La troisième partie, la plus éclectique de la soirée, débute avec une rareté : l’ouverture de Démophon de Johann Christoph Vogel. Elle est suivie par d’autres découvertes musicales, notamment un extrait d’Il Siroe de Giovanni Battista Ferrandini, ainsi que des airs et chœurs de Carmen Sæculare de François-André Danican Philidor.
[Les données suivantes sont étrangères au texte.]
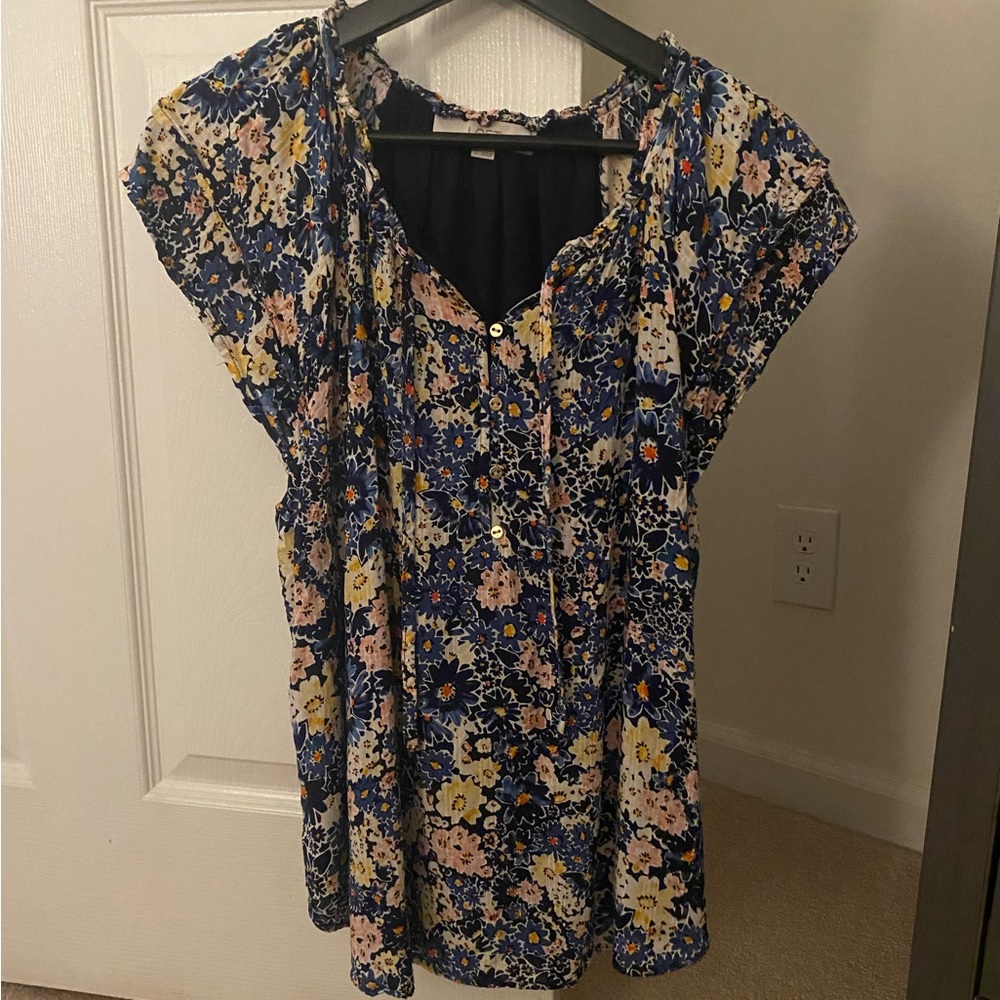 EEEUC LOFT Blue and Yellow Floral Cap Sleeve Blouse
Enfin, Haydn fait son entrée avec le final du Concerto pour violoncelle, interprété par Victor Julien-Laferrière, et celui de la Symphonie n° 82 « L’Ours ». Cette symphonie évoque l’un des enregistrements marquants de l’ensemble, l’intégrale des symphonies parisiennes enregistrées en live à l’auditorium du Musée du Louvre. Dans cette intégrale, Le Concert de la Loge a attribué des surnoms recueilli auprès du public à certaines œuvres, renouant avec une tradition de son illustre ancêtre.
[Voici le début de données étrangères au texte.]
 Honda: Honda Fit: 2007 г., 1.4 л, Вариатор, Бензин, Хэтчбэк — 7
La soirée se poursuit avec un quatuor émouvant extrait de Fidelio, interprété par Chantal Santon Jeffery, Florie Valiquette, Stanislas de Barbeyrac et Sulkhan Jaiani. Enfin, Marina Viotti électrise la salle avec une interprétation brillante de « Nacqui all’affanno... Non più mesta » tiré de La Cenerentola, avant de conclure sur un registre comique avec « Vous a-t-on dit souvent » de La Périchole, aux côtés de Stanislas de Barbeyrac, dans une mise en scène légère et amusante.

Pour clore la soirée en apothéose, tous les chanteurs solistes, accompagnés par les chantres du Centre de musique baroque de Versailles sous la direction artistique de Fabien Armengaud, entonnent le chœur final de L’Enlèvement au sérail. Dans une ambiance joyeuse et festive, l’ensemble conclut avec un Joyeux anniversaire devant un gâteau en forme de lyre, symbole parfait pour marquer cette décennie de succès et de créativité musicale.

Pendant les deux entractes, le public a pu admirer l’exposition de documents originaux relatifs au Concert de La Loge Olympique. 

Le 15 janvier 2025, Théâtre des Champs-Elysées à Paris.